„Вот Гоголь, Саша, тоже хотел историю преподавать, а что из этого вышло?“ – не утерпела Мария Илларионовна.
Сговорились вроде на том, что завтра он приедет в Москву, чтобы идти к Ильичеву к 2 часам дня. ‹…›
Я уговорил Александра Трифоновича вместе поехать к Черноуцану объясняться по поводу Булгакова. Когда шли по длинным коридорам и переходам здания ЦК, Твардовский, хитро сощурившись, процитировал себя: „А дверей – не счесть дверей, и какие двери!“
Черноуцан встретил нас дружелюбно, но немного оробел под двойным напором. „Мы пришли провести с вами работу… Это у нас запущенный участок“, – пошутил, едва мы вошли, Александр Трифонович. И объявил, что речь пойдет о Булгакове. Черноуцан выслушал нас терпеливо, посмеиваясь, но не уступал. Его суждения сошлись с цензурными: роман Булгакова – пасквиль, подрыв авторитетов, системы Станиславского.
„Берете грех на душу, – пугал его Александр Трифонович. – У нашего Закса в сейфе лежит список ваших грехов и благодеяний. Ведь мы все запоминаем“, – смеясь, говорил Твардовский.
Черноуцан взял с нами игровой тон. „Нет, вы серьезно верите, что это можно напечатать? Да нет, вы меня разыгрываете! Не может быть, чтобы вы сами не понимали, что это невозможно“.
Твардовский настаивал, что искусственным способом нельзя поддержать авторитет того или иного лица, что шарж, юмор никогда не вредят серьезному делу, что, наконец, Булгаков такой писатель, что имеет право на опубликование каждой его строчки. Я сказал, что так бы следовало запретить и чеховскую „Попрыгунью“ за клевету на Левитана. И вообще, произведение такой ценности, как роман Булгакова, неизбежно будет опубликовано через 5 или 10 лет, но напечатают его обязательно.
Сбитый нашим напором Черноуцан возражал неубедительно, вяло, но стоял на своем.

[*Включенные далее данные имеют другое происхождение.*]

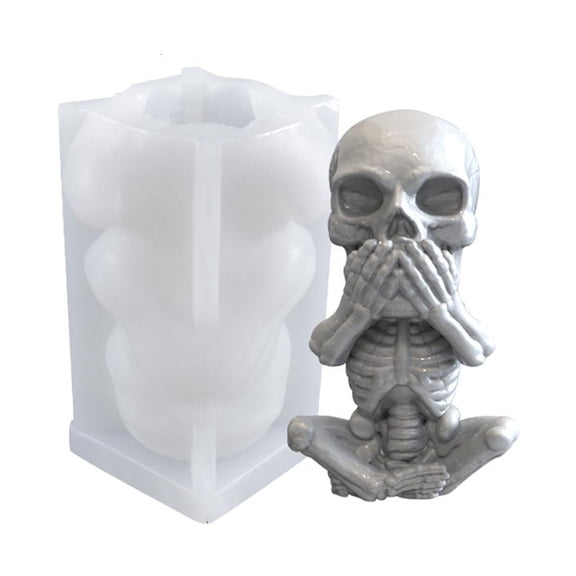 LICEWO 3D Candle Epoxy Resin Mold Funny Skeleton Modeling Aromatherapy Plaster Silicone Mould DIY Crafts Mold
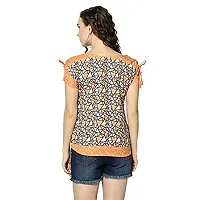 Trendif Women's Orange Moss Crepe Geometric Print Top - 3802-thumb1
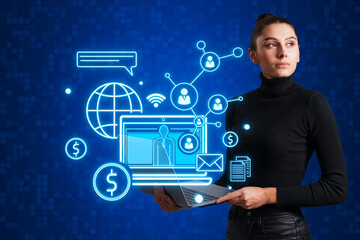 Poster - Thoughtful young woman using laptop with creative SEO hologram on blue background. Process of work, community, target goal to achieve, planning data, search analysis report concept.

Александр Трифонович говорил ему:
– Ну ведь вы видите, как странны все эти наши запрещения. Девять лет назад сожгли „Тёркина на том свете“, буквально подвергли аутодафе, собрали все верстки по списку и сожгли. А теперь поэма разрешена и вы знаете, что в этой редакции она сильнее, глубже первого „Тёркина…“ 1954 года. И оказывается, ничего опасного для советской власти нет – вчера напечатали в газете. ‹…›
В редакции был Е. Евтушенко, читал новые стихи. Александр Трифонович говорил о них так жестко, что Евтушенко едва не расплакался. В словах Твардовского немало справедливого, и все равно Евтушенко жаль. Александр Трифонович упрекал его за манерность, „литературность“, за отсутствие художнической объективности, какого-то интереса вне себя. Евтушенко был смят, подавлен и ничего не отвечал.
Я вступился за него. Меня поддержали Кондратович и Дементьев. В результате, с некоторыми переменами в составе, цикл Евтушенко пойдет у нас.
Я рад, что так вышло, да и Твардовский понял, что пережал. Он говорил потом Дементьеву, что так и надо: хорошо получилось, что он говорил без скидок, со всей суровостью, а в результате обсуждения все-таки можно напечатать». [5; 96–117, 121, 125, 143, 155, 166]
Александр Трифонович Твардовский.
«
‹…› В последние 10 лет, несмотря на репутацию пьющего (эка новость это у нас!) и 54 г. (снятие с „Нового Мира“, запрещение „Тёркина на т[ом] св[ете]“), я, безусловно, мог достигнуть высших степеней в „системе“ Союза писателей, т. е. оказаться во главе его. Во всяком случае, слухи относительно такой возможности были, а „возглавить Моск[овскую] организацию“ мне предлагалось официально. Но меня всегда пугала все более определенно выступавшая представительская, непродуктивная сущность этой должности. Если бы это случилось, я бы, наверно, погиб, и ничего толком сделать бы не сумел, т. к. не обладал многими необходимыми для этой должности качествами Фадеева, суетной мобильностью Суркова и самобережением К. А. Федина (ни его старческим честолюбием), я бы неизвестно как бы вертелся и терзался там.